Why Korean Battery Makers are converting EV lines in the US, right now.
Samsung, LG, and SK are making the same pivot.
Summary
Korean Battery Makers are converting EV lines in the US
Battery Industry Pulse: weekly roundup.
For years, Korean battery manufacturers ignored lithium-iron-phosphate (LFP) chemistry. They bet on high-nickel NMC and NCA cells, chasing energy density for EVs.
Now, they’re racing to close that gap within the next few years.
Last week, Reuters and Korea Economic Daily reported that Samsung SDI is in advanced talks with Tesla to supply LFP batteries for U.S. energy storage systems. The deal: roughly 10 GWh annually, worth about $2 billion over three years.
Samsung SDI announced during its earnings call that it will convert some EV production lines at its Indiana plant to make ESS batteries, responding to sharp drops in battery demand from Stellantis.
If finalized, the Tesla–Samsung SDI agreement would mark a turning point in U.S. battery manufacturing.
Chinese incumbents built the LFP ecosystem. Korean manufacturers are now positioned to enter the market strongly in the U.S.
Can they execute fast enough? That’s what the next 24 months will determine.
The Great Repurposing
Samsung’s Tesla deal follows a clear pattern across all three Korean battery giants.
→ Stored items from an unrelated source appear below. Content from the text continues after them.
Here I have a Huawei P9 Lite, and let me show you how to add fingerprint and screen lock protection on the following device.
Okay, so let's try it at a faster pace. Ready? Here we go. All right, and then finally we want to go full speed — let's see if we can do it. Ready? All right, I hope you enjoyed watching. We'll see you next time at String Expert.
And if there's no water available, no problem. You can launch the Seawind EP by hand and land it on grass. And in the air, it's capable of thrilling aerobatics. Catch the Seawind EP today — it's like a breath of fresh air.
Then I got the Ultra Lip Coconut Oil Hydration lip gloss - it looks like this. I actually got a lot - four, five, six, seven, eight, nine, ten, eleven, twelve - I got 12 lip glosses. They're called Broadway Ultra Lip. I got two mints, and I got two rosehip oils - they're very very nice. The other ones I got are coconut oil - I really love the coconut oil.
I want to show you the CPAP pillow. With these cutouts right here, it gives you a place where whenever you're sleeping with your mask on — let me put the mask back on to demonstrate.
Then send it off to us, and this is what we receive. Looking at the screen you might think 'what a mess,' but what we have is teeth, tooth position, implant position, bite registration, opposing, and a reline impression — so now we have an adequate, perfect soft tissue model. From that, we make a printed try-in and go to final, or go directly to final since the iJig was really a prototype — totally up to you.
LG Energy Solution signed a $4.3 billion agreement with Tesla Energy in 2025 to supply LFP cells through 2030 for Megapack battery storage systems.
SK On locked in 7.2 GWh with Flatiron Energy Development for containerized storage units starting late 2026.
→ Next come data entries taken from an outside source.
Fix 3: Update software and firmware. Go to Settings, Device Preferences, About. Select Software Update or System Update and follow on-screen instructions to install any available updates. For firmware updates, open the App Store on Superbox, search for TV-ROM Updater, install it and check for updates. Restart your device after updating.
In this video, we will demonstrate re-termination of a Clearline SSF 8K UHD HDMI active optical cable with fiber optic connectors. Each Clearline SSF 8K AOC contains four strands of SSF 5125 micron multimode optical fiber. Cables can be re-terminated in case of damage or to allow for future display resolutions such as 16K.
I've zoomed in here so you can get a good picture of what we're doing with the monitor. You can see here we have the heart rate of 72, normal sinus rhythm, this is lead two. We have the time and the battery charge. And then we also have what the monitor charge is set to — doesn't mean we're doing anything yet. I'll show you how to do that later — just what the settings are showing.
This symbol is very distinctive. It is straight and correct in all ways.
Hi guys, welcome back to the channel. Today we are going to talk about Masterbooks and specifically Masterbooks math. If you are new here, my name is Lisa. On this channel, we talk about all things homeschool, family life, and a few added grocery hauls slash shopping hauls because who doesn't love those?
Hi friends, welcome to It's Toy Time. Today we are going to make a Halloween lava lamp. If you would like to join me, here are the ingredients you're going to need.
The target is grid-scale battery energy storage systems.
Korean battery makers are converting EV production lines in the U.S. into ESS lines. Their customers anticipated the EV slowdown following the end of federal tax credits and adjusted orders accordingly.
The impact hit Korean firms directly through their joint ventures with GM, Stellantis, and Ford. Rather than idle capacity, they’re pivoting to storage.
The timing creates an opening. U.S. grid-storage installations hit 5.6 GW in Q2 2025, a quarterly record.
Chinese battery imports face tariffs and regulatory scrutiny.
Korean manufacturers have factories on American soil, existing customer relationships, and two decades of lithium-ion manufacturing discipline. LFP was never their focus. Now it’s their bridge to the next growth phase.
Why Korean Manufacturers Can Actually Pull This Off
LG Energy Solution, Samsung SDI, and SK On collectively operate over 400 GWh of global battery manufacturing capacity. That expertise transfers partially to LFP production, but only partially.
LFP cells use different electrode designs, mixing ratios, and process windows than the high-nickel chemistries Korea perfected.
Typical learning curves run 3–5 years from pilot to stable yields, then 2–3 more for cost optimization.
Korean firms are trying to compress that into 2–3 years while also building a compliant material chain.
It’s ambitious, but not unrealistic.
They perfected industrial discipline through brutal competition with Japanese manufacturers in the 2000s, then against Chinese rivals in the 2010s.
They know how to ramp production under pressure. They’ve done it before with NMC, scaling from pilot lines to multi-gigawatt factories while maintaining yield rates above 90%.
LFP manufacturing shares the same industrial backbone: coating, calendering, assembly, and formation. Chemistry differs, but process logic is familiar.
They also have capital, customer commitments, and policy support.
China built its LFP edge through 15 years of iteration.
Korea is compressing that timeline through resource deployment and operational discipline.
Execution speed and cost control will decide the outcome.
The Cathode Trap
99% of LFP cathode active material production capacity is in China, according to IEA analysis.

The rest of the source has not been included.